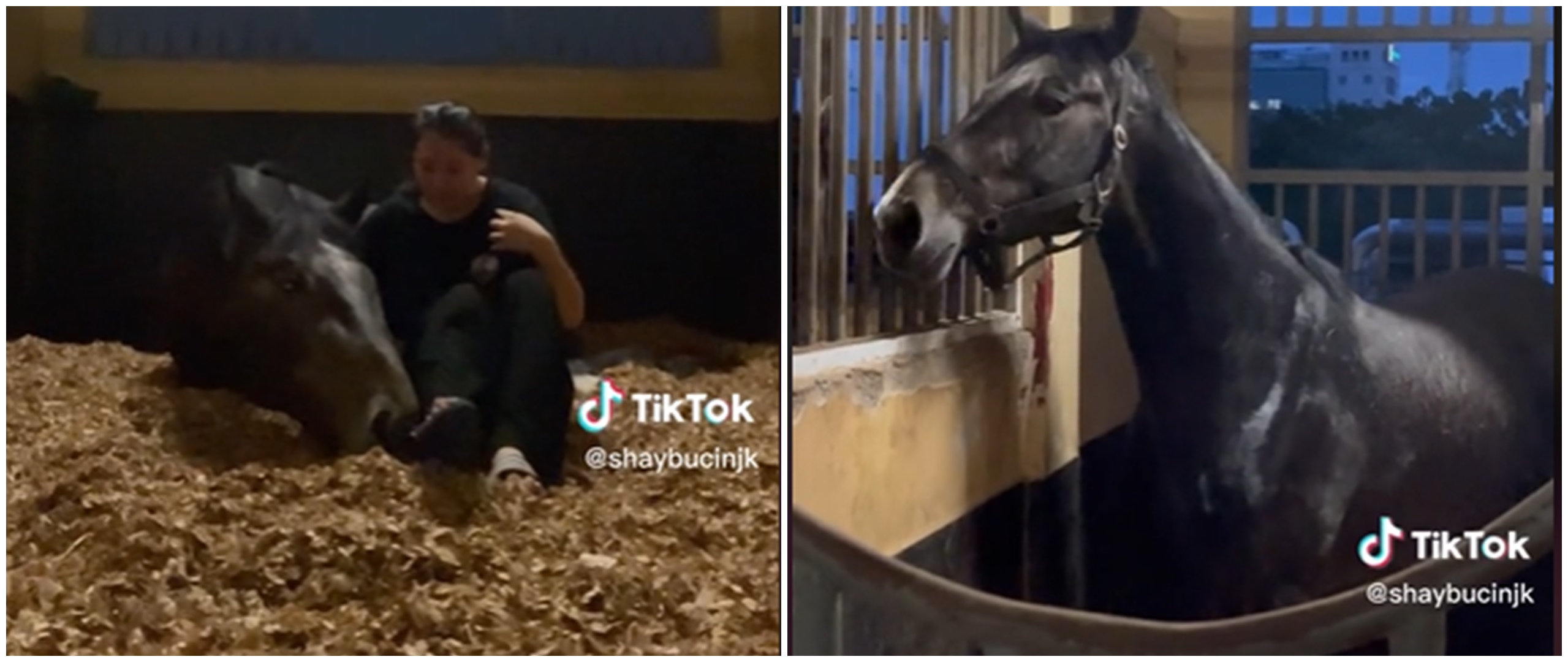 Aksi viral wanita datangkan kuda dari Jerman ke Indonesia, netizen penasaran biaya transportasinya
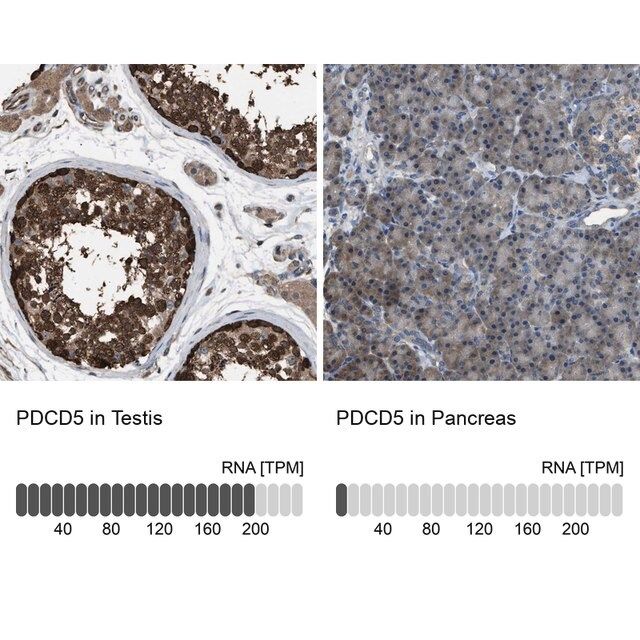 Anti-PDCD5 antibody produced in rabbit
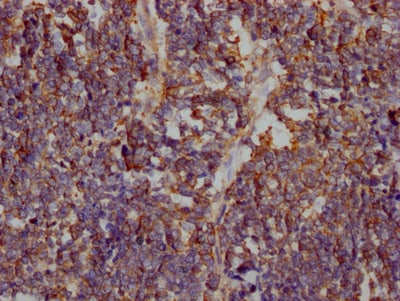 Glut1 Antibody (2E1)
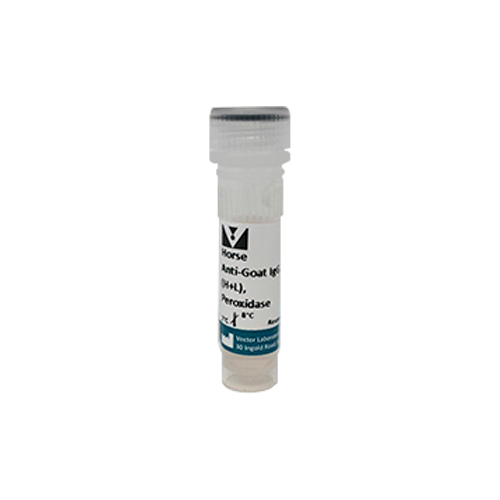 6466. HORSE ANTI-GOAT IGG ANTIBODY (H+L) PEROXIDASE 1MG  - VECTOR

TASK OBJECTIVE
Going from the line with "Anti-PDCD5 antibody produced in rabbit" to the last line of the listing, write out each line exactly and nothing else. Leave out all pictures.

REPLY
 Anti-PDCD5 antibody produced in rabbit
 Glut1 Antibody (2E1)
 6466. HORSE ANTI-GOAT IGG ANTIBODY (H+L) PEROXIDASE 1MG  - VECTOR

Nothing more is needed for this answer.